**TASK BRIEF:**
Only the pictures are dropped; the lines of the material that follow are returned exactly.

+++ GIVEN DATA +++

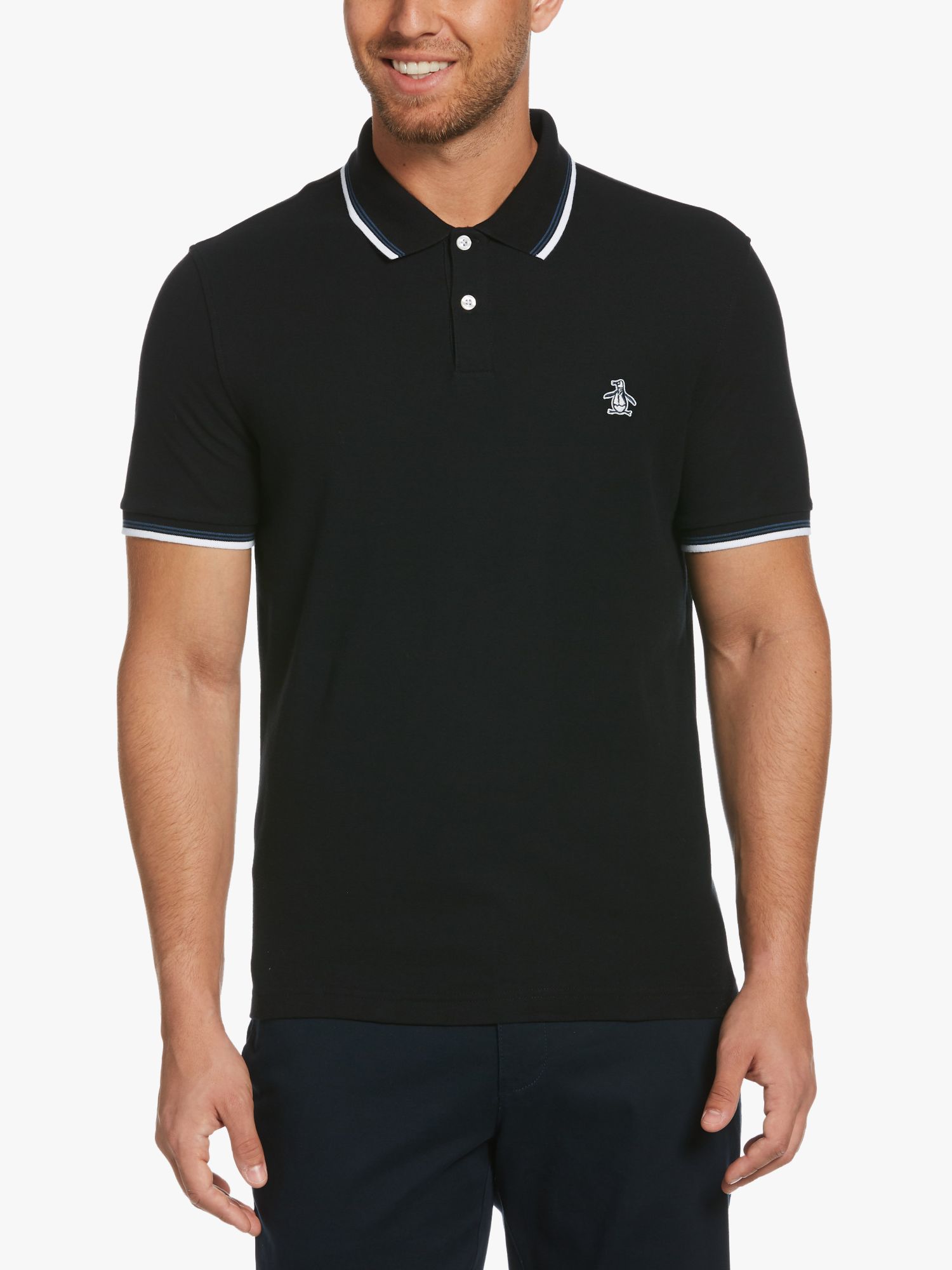 Original Penguin Synthetic Womens Sleeveless Veronica Golf Polo Shirt In Black Iris for Men Women Mens Clothing Mens T-shirts Polo shirts 
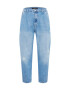 ONLY Carmakoma Jeans 'Erna' albastru / maro deschis - Pled.ro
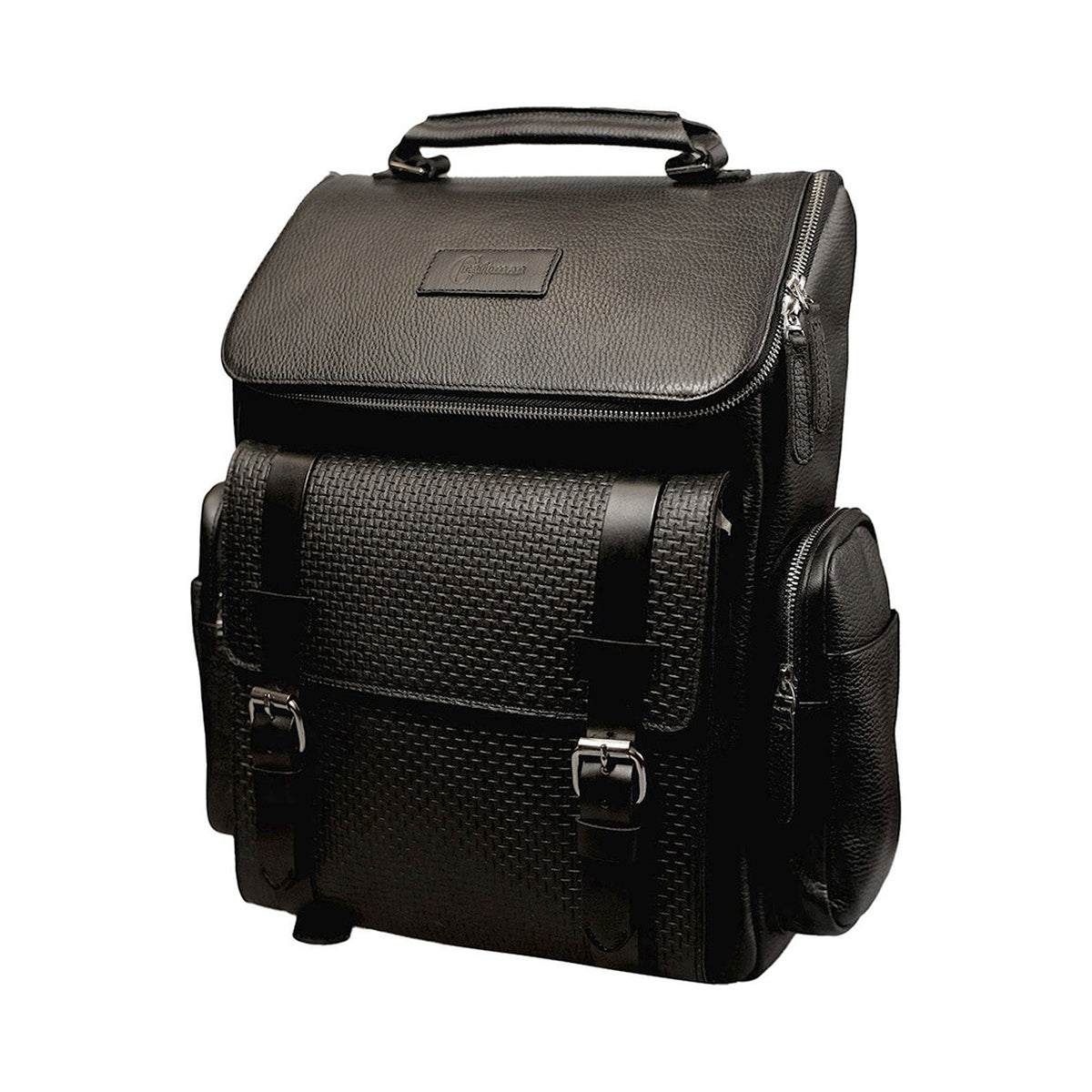Mochila cuero original Insignia Negro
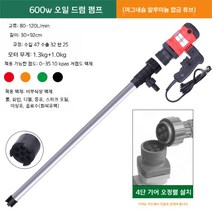 고성능 전동 자바라 오일 펌프 드럼 자동 주유기 디젤, 600w 오일 드럼 펌프 합금 튜브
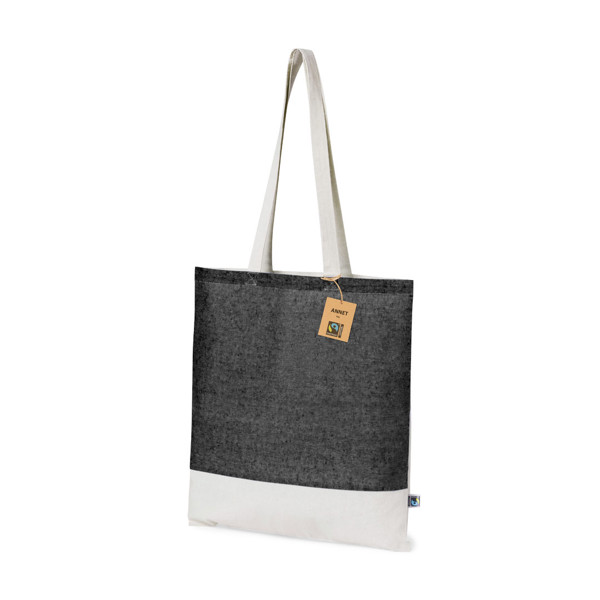 Bolsa Annet Fairtrade - Negro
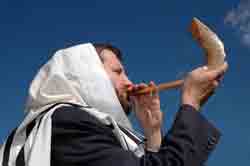 On Rosh Hoshana we blow the shofar in shul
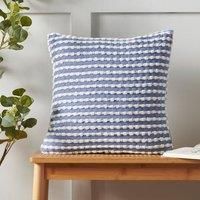 Catherine Lansfield Stab Stitch 43x43cm Cushion Blue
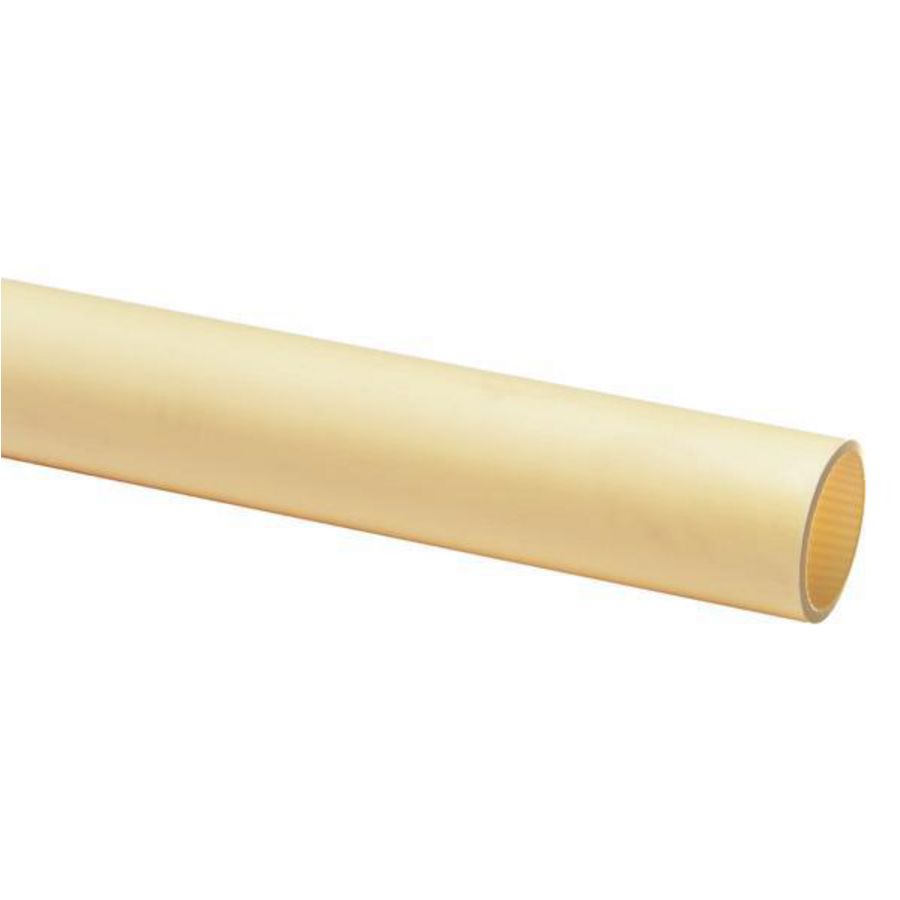 Lengte a 4m. elektrobuis PVC Lowfriction creme 3/4" VVE=25 Wavin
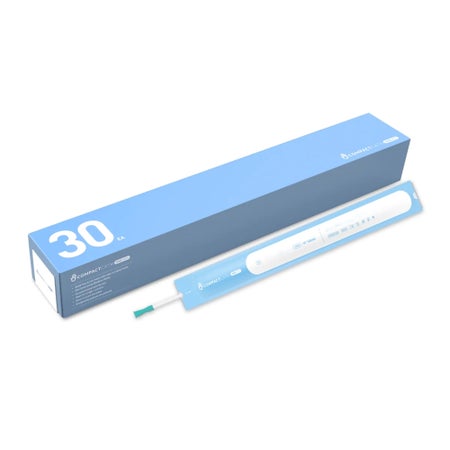 Urethral Catheter CompactCath® OneCath Straight Tip Uncoated PVC 16 Fr. 16 Inch Length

+++

**TASK RESULT:**
 Original Penguin Synthetic Womens Sleeveless Veronica Golf Polo Shirt In Black Iris for Men Women Mens Clothing Mens T-shirts Polo shirts 
 ONLY Carmakoma Jeans 'Erna' albastru / maro deschis - Pled.ro
Mochila cuero original Insignia Negro
 고성능 전동 자바라 오일 펌프 드럼 자동 주유기 디젤, 600w 오일 드럼 펌프 합금 튜브
 Bolsa Annet Fairtrade - Negro
 On Rosh Hoshana we blow the shofar in shul
 Catherine Lansfield Stab Stitch 43x43cm Cushion Blue
 Lengte a 4m. elektrobuis PVC Lowfriction creme 3/4" VVE=25 Wavin
 Urethral Catheter CompactCath® OneCath Straight Tip Uncoated PVC 16 Fr. 16 Inch Length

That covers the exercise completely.